Consumi, commercio e servizi guardano al Natale per risollevare il 2010

22 Novembre 2010, di Redazione Wall Street Italia

(Teleborsa) – Le imprese del commercio e dei servizi fanno buon viso a cattivo gioco e guardano con fiducia agli ultimi tre mesi di calendario per risollevare, almeno in parte, le sorti di questo 2010. Rispetto all’anno scorso, è diminuito il numero degli imprenditori del commercio che vedono ‘nero’ l’orizzonte di fine anno (solo 14 su 100, contro i 22 del 2009), mentre è aumentato il numero di quelli che nutrono attese positive sulle vendite sotto l’albero (36 su 100, contro i 33 di dodici mesi fa). Le attese di un’inversione di tendenza appaiono più che giustificate, se si considera che anche il terzo trimestre dell’anno si è chiuso con il segno meno sia per le vendite delle imprese commerciali (-3,0% nell’aggregato) sia per quelle dei servizi, il cui volume d’affari – con la sola esclusione dei trasporti (+1,2%) – tra luglio e settembre è ulteriormente diminuito rispetto allo stesso periodo del 2009. E’ quanto emerge dall’indagine congiunturale del Centro studi di Unioncamere relativa al 3° trimestre 2010. “Se è vero che grazie alla forza dell’export una buona parte dell’Italia produttiva ha già doppiato la boa della crisi e si è avviata fuori dalle secche, i dati di oggi ci dicono che oltre la metà delle imprese resta ancora indietro e continua a perdere terreno” ha commentato il Presidente di Unioncamere, Ferruccio Dardanello. “Le imprese del commercio e dei servizi – ha aggiunto – sono più di 3,2 milioni e rappresentano il 54,2% di tutto il sistema imprenditoriale nazionale e la fonte di reddito di milioni di famiglie.
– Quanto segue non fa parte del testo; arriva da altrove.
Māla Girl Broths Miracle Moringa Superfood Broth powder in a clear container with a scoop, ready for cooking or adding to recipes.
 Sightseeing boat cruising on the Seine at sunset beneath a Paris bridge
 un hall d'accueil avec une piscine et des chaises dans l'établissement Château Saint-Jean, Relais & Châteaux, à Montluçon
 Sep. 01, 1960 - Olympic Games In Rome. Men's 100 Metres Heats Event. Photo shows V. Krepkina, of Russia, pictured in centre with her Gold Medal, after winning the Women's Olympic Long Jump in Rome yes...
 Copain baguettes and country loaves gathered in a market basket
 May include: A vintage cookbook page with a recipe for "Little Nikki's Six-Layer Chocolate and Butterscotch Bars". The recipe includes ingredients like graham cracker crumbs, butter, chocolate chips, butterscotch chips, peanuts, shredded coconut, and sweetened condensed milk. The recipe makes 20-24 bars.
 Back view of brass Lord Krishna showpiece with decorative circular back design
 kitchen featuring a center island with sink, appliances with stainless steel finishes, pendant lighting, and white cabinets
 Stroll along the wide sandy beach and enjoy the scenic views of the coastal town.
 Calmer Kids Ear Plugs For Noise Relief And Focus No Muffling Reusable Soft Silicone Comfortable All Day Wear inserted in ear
Se la dinamica dei consumi interni e degli investimenti pubblici non ritornerà presto su livelli accettabili, è realistico pensare a un altro anno difficile sul fronte interno, con conseguenze negative sul recupero dei livelli occupazionali. La via d’uscita è stretta ma inevitabile e passa per una riforma del fisco a tutele di imprese e lavoro, di uno sforzo di forte semplificazione della macchina pubblica e di una sua maggiore efficienza a tutti i livelli. La sfida per uno Stato davvero moderno è la sfida dell’Italia dei prossimi anni”.